La culture c'est la norme, la normalisation, et le coup de force, si je puis dire...c'est que les individus en redemandent.. affraid
Trop de normalisation tue la création Normaliser vise à rendre l'individu normatif...et non nrmalisateur...en d'autres termes, si je suis trop "reglé", trop "régulé", je risque de ne pas être capable de porter de nouvelles valeurs dont la société a besoin pour s'émanciper des modèles anciens et créer ddu neuf.
la norme est contraignante mais lorsque cette contrainte permet de dynamiser le groupe social..la contrainte devient liberté.... cheers

laissons la parole à Freud...pour lui, dans cet extrait, la norme est source de souffrance, de contrainte....

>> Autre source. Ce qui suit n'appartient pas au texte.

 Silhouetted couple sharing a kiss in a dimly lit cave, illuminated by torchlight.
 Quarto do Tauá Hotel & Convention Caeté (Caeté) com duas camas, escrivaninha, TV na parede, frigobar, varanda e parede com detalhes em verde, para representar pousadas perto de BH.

On acquiert ainsi l’impression que la civilisation est quelque chose d’imposé à une majorité récalcitrante par une minorité ayant compris com­ment s’approprier les moyens de puissance et de coercition. Il semble alors facile d’admettre due ces difficultés ne sont pas inhérentes à l’essence de la civilisation elle-même, mais sont conditionnées par l’imperfection des formes de culture ayant évolué jusqu’ici. De fait, il n’est pas difficile de mettre en lumière ces défauts. Tandis que l’humanité a fait des progrès constants dans la conquête de la nature et est en droit d’en attendre de plus grands encore, elle ne peut prétendre à un progrès égal dans la régulation des affaires humaines et il est vraisemblable qu’à toutes les époques, comme aujourd’hui, bien des hommes se sont demandé si cette partie des acquisitions de la civilisation méritait vraiment d’être défendue. On pourrait croire qu’une régulation nou­velle des relations humaines serait possible, laquelle, renonçant à la contrainte et à la répression des instincts, tarirait les sources du mécontentement qu’ins­pire la civilisation, de sorte que les hommes, n’étant plus troublés par des conflits internes, pourraient s’adonner entièrement à l’acquisition des res­sources naturelles et à la jouissance de celles-ci. Ce serait l’âge d’or, mais il est douteux qu’un état pareil soit réalisable. Il semble plutôt que toute civi­lisation doive s’édifier sur la contrainte et le renoncement aux instincts; il ne paraît pas même certain qu’avec la cessation de la contrainte, la majorité des individus fût prête à se soumettre aux labeurs nécessaires à l’acquisition de nouvelles ressources vitales. Il faut, je pense, compter avec le fait que chez tout homme existent des tendances destructives, donc antisociales et anti­culturelles, et que, chez un grand nombre de personnes, ces tendances sont assez fortes pour déterminer leur comportement dans la société humaine”.